The World’s News, 10th October 1953. Part of the Sydney Woollen Mills.  (This last link is of a post showing an example of the Boer War buttons.)

1st October 2019


I’m revisiting my Lansing Company Inc catalogues from 1951-1961. I thought they might help with indentifying the types of plastics used. I immediately hit a problem; they are describing as bakelite many buttons that test negative to simichrome polish, are light weight and also include white examples! Perhaps they are a phenolic plastic, but they can’t be bakelite. Bakelite is weighty,  turns simichrome from pink to yellow, and white oxidises quickly to yellow.

Polyester (or not?)

These below were labelled as polyester in my catalogues: they all have a glistening, oily, slightly translucent appearance. As light plays on the surface, the colour varies in shade.

This site explains how polyester buttons are made.

According to

“Polyester is a very common material for buttons because it is a type of plastic that makes it perfect for all types of buttons. Polyester is inexpensive, looks great, and can be dyed a variety of colors. Sometimes, red carbonate is added to polyester to make buttons that have the pearlescent sheen of shell buttons, but the truth is, polyester buttons offer so many options that it is all but impossible not to find something you love when you choose buttons made of this material.

Polyester buttons make it easy to button and unbutton a dress or blouse, and if you choose polyester buttons, they can even mimic other button materials, which means you are always guaranteed to get what you love without paying a fortune.

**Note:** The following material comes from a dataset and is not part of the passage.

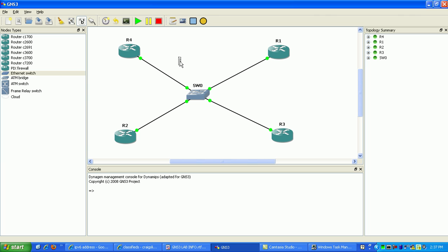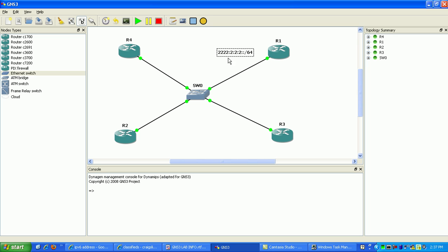What we're going to do here is assign our network address. I'm just going to use something simple. We'll assign the IP address 2222:2:2:2:: slash 64 — that's going to be our network slash 64. Then what we're going to do is configure router 1 and give it an IP address on the Ethernet network, then see if we can pick up IPv6 addresses automatically on these other router interfaces.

Polyester buttons can be made to look like wood, pearl, or any other type of button, thanks to their versatility and the fact that they come in so many designs and colors.

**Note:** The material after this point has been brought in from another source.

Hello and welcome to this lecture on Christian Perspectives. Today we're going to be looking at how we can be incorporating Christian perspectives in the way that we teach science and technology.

For most non-professionals, therefore, it is virtually impossible to look at a button and determine whether it is made of polyester, wood, or any other type of button-making material. Most polyester buttons vary greatly when it comes to shading, luster, and brightness, so they can be light or dark, formal or casual, large or small, meaning you are always guaranteed to get something spectacular in the end.”

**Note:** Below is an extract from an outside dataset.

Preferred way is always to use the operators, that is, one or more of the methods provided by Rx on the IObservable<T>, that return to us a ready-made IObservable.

I confess that these above buttons look like many that were sold on Leda branded cards, which I thought were acrylic (Lucite). It’s a tricky business identifying plastics as they can mimic other substances and each other. According to  the term ”polyester”  most commonly refers to a plastic subtype called polyethylene terephthalate (PET). Wikipedia tells me that polyesters are a family of plastics that can be both themosetting or thermoplastic, which doesn’t help me with hot needle testing, although my polyester buttons had no smell with hot water testing and were resistant to a hot needle for what its worth!

According to an article in the Pioneer Button Club, July 2018, polyester has taken over from acrylics for high end buttons being produced today. The author also bemoaned the lack f a “foolproof, non-destructive way to tell acrylic from polyester 100% of the time.